Peter Artemiev (; d. March 30, 1700 Solovetsky Monastery, Russia) - was a Russian Orthodox Deacon, a convert to Byzantine Catholicism, and one of the first martyrs of the Russian Catholic Church.

Biography 
Born as the son of a Russian Orthodox priest, Peter Artemiev spent his childhood in Nizhny Novgorod, Vasilsursk and Suzdal. In years 1687-1688 he studied at the Slavic Greek Latin Academy in Moscow. In February 1688, as a "student and a novice" he travelled with Ioannikos Litkhoudis to the Republic of Venice. In Venice, Artemiev secretly adopted Catholicism. From Venice he travelled to Rome on pilgrimage and to see the Pope, and at the end of 1688 he returned to Moscow. Here Patriarch Adrian ordained him to the rank of deacon. While serving in the Peter and Paul Orthodox Church, Artemev became friendly with Moscow Jesuits Jerzy David and T. Tikhavski. After their expulsion ( 5 October 1689 ), confessed to the Jesuit missionary Fr. Conrad Terpilovsky, in Moscow on his way from Persia.

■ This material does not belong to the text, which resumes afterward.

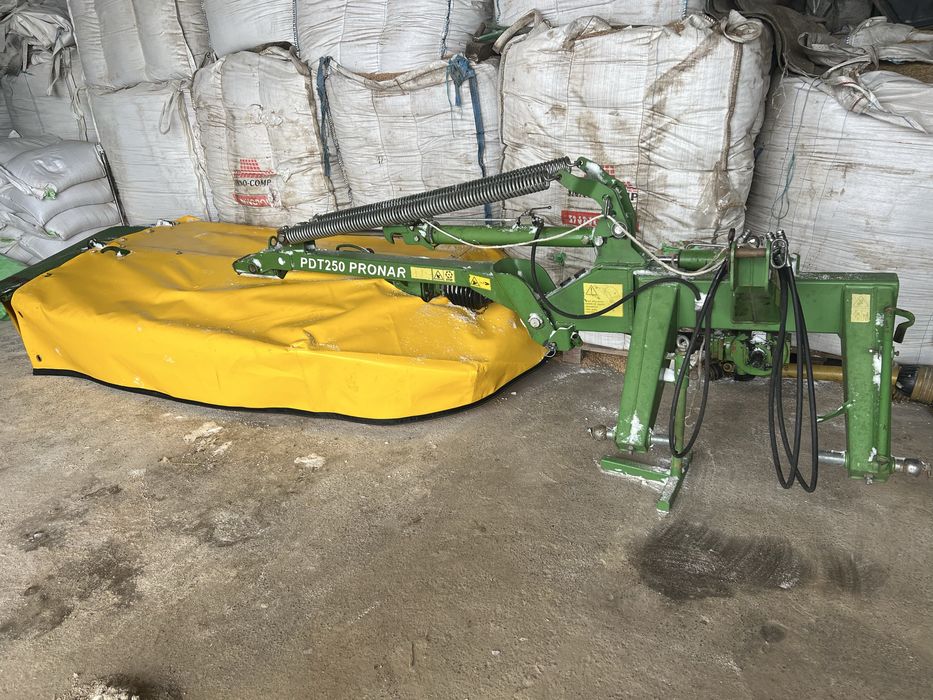 Sprzedam kosiarke pronar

In 1698, Deacon Peter began to openly profess and preach reunion with the Holy See. According to a denunciation of the priest at St. Peter and Paul Church to Patriarch Adrian, he "harbors many who follow his heresies". Summoned from Suzdal, Peter's father could not persuade him to renounce Catholicism. Peter was sent to the Novospassky Monastery, where the wrote a letter to Patriarch, expressing willingness to accept martyrdom, denouncing the Patriarch and his Greek favorites, and defended the rights of the Old Believers. (The message has not been preserved, but we know the answer to it, entitled "Unmasking the Fallacies of Deacon Peter").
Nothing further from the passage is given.